START Supplied entries
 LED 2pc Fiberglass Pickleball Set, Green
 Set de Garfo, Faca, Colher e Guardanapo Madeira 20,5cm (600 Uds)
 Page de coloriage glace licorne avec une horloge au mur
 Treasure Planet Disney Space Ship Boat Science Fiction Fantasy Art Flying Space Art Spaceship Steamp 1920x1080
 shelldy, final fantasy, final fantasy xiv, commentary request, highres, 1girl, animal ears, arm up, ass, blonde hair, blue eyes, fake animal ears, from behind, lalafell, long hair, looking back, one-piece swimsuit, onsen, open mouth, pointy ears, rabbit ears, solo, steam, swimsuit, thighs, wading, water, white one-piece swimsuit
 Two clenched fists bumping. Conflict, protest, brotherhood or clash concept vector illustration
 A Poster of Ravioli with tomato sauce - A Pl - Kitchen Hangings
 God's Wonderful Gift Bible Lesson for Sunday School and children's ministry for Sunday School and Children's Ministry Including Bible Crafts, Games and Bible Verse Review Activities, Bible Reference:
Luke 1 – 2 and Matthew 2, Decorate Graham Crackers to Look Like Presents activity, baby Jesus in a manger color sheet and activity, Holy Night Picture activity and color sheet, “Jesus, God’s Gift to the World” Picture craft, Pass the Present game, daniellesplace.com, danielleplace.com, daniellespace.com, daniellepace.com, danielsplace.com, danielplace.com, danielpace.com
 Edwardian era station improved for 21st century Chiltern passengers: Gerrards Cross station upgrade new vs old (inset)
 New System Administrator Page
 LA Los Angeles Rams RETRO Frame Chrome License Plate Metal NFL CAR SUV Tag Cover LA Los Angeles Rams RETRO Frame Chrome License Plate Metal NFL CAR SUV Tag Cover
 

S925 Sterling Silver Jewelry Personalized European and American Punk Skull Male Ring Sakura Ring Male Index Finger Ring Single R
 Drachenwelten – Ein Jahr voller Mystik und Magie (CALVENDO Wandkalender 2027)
END Supplied entries
> **Your assignment**
Give back each line above precisely as it stands.

> **Exercise solution**
 LED 2pc Fiberglass Pickleball Set, Green
 Set de Garfo, Faca, Colher e Guardanapo Madeira 20,5cm (600 Uds)
 Page de coloriage glace licorne avec une horloge au mur
 Treasure Planet Disney Space Ship Boat Science Fiction Fantasy Art Flying Space Art Spaceship Steamp 1920x1080
 shelldy, final fantasy, final fantasy xiv, commentary request, highres, 1girl, animal ears, arm up, ass, blonde hair, blue eyes, fake animal ears, from behind, lalafell, long hair, looking back, one-piece swimsuit, onsen, open mouth, pointy ears, rabbit ears, solo, steam, swimsuit, thighs, wading, water, white one-piece swimsuit
 Two clenched fists bumping. Conflict, protest, brotherhood or clash concept vector illustration
 A Poster of Ravioli with tomato sauce - A Pl - Kitchen Hangings
 God's Wonderful Gift Bible Lesson for Sunday School and children's ministry for Sunday School and Children's Ministry Including Bible Crafts, Games and Bible Verse Review Activities, Bible Reference:
Luke 1 – 2 and Matthew 2, Decorate Graham Crackers to Look Like Presents activity, baby Jesus in a manger color sheet and activity, Holy Night Picture activity and color sheet, “Jesus, God’s Gift to the World” Picture craft, Pass the Present game, daniellesplace.com, danielleplace.com, daniellespace.com, daniellepace.com, danielsplace.com, danielplace.com, danielpace.com
 Edwardian era station improved for 21st century Chiltern passengers: Gerrards Cross station upgrade new vs old (inset)
 New System Administrator Page
 LA Los Angeles Rams RETRO Frame Chrome License Plate Metal NFL CAR SUV Tag Cover LA Los Angeles Rams RETRO Frame Chrome License Plate Metal NFL CAR SUV Tag Cover
 

S925 Sterling Silver Jewelry Personalized European and American Punk Skull Male Ring Sakura Ring Male Index Finger Ring Single R
 Drachenwelten – Ein Jahr voller Mystik und Magie (CALVENDO Wandkalender 2027)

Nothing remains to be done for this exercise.